Softmax Implementation with `torch.compile`

Below is a simple example showing how to implement and compile a softmax function using torch.compile. Replace it in your model’s forward pass, and your code (hopefully) runs faster.

import torch

# Our softmax function in PyTorch land
def softmax_pytorch(x):
    # Avoid numerical instability by subtracting max
    x_max = torch.max(x, dim=-1, keepdim=True).values
    x_exp = torch.exp(x - x_max)
    return x_exp / torch.sum(x_exp, dim=-1, keepdim=True)

# Let's compile it with torch.compile
@torch.compile
def compiled_softmax(x):
    return softmax_pytorch(x)

if __name__ == "__main__":
    # Example usage:
    input_tensor = torch.randn((2, 4), device="cuda")
    output = compiled_softmax(input_tensor)
    print("Input:", input_tensor)
    print("Compiled Softmax Output:", output)

❗

Note that you'll have bigger speedups if you compile the whole model pass and not just one operation

Pros:

One line to enable the compiler.
No black magic rituals needed (except for the dynamic shapes maybe).

Cons:

The first pass can be slower while it compiles; afterwards, it picks up speed.
Doesn’t always produce dramatic speed-ups for all models and can occasionally break if your code is too creative.
Still has problems with handling dynamic shapes.

😡

Dynamic shapes compilation mode is needed when input shapes change and we don't want to recompile the code for each specific size.

The ways to debug this is a whole new article.

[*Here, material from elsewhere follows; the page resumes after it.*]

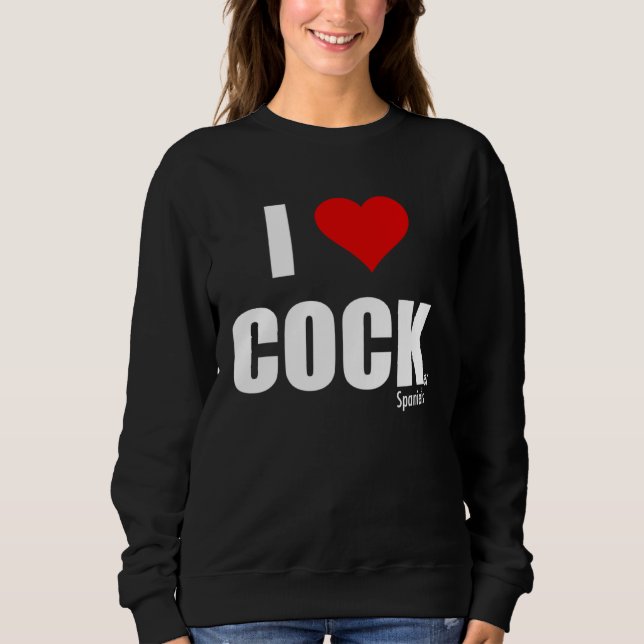 I Love Cocker Spaniels Sweatshirt (Front)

Triton Code — Write GPU Kernels With Python Breeze

Why Use Triton?

Triton is a language that compiles to efficient GPU kernels while letting you write Pythonic code. It’s used under the hood of PyTorch’s dynamo/inductor stack, but you can also write your own custom ops! For many matrix/tensor operations — like softmax — you can get huge speed-ups. Because why wait for official PyTorch kernels when you can write your own?

Softmax in Triton

Here’s a minimal snippet that shows how we might do a naive softmax forward in Triton. I'll keep it short and sweet for demonstration. In a real project, you’d likely do more advanced tiling and block management.

💥

This may look complicated, but you just need to get familiar with Triton, and it will start making sense.

Check out their guides!

import torch
import triton
import triton.language as tl


@triton.autotune(
    configs=[
        triton.Config(
            kwargs=dict(
                BLOCK_SIZE_ROWS=BLOCK_SIZE_ROWS,
                num_stages=num_stages,
            ),
            num_warps=num_warps,
            num_stages=num_stages,
        )
        for BLOCK_SIZE_ROWS in (16, 32, 64, 128)
        for num_stages in (2, 3, 4)
        for num_warps in (2, 4, 8)
    ],
    key=['N_COLS'],
)
@triton.heuristics(
    values=dict(
        BLOCK_SIZE_COLS=lambda args: triton.next_power_of_2(args['N_COLS'])
    )
)
@triton.jit
def softmax_kernel(
    input_ptr: tl.tensor,
    output_ptr: tl.tensor,
    input_row_stride: int,
    output_row_stride: int,
    n_rows: int,
    N_COLS: tl.constexpr,
    BLOCK_SIZE_ROWS: tl.constexpr,
    BLOCK_SIZE_COLS: tl.constexpr,
    num_stages: tl.constexpr
):
    input_ptr = tl.make_block_ptr(
        base=input_ptr,
        shape=(n_rows, N_COLS),
        strides=(input_row_stride, 1),
        offsets=(0, 0),
        block_shape=(BLOCK_SIZE_ROWS, BLOCK_SIZE_COLS),
        order=(1, 0),
    )

    output_ptr = tl.make_block_ptr(
        base=output_ptr,
        shape=(n_rows, N_COLS),
        strides=(output_row_stride, 1),
        offsets=(0, 0),
        block_shape=(BLOCK_SIZE_ROWS, BLOCK_SIZE_COLS),
        order=(1, 0),
    )

    cols_mask = tl.arange(0, BLOCK_SIZE_COLS) < N_COLS

    row_idx = tl.program_id(0) * BLOCK_SIZE_ROWS
    in_tile_ptr = tl.advance(input_ptr, (row_idx, 0))
    row = tl.load(pointer=in_tile_ptr, boundary_check=(0, 1))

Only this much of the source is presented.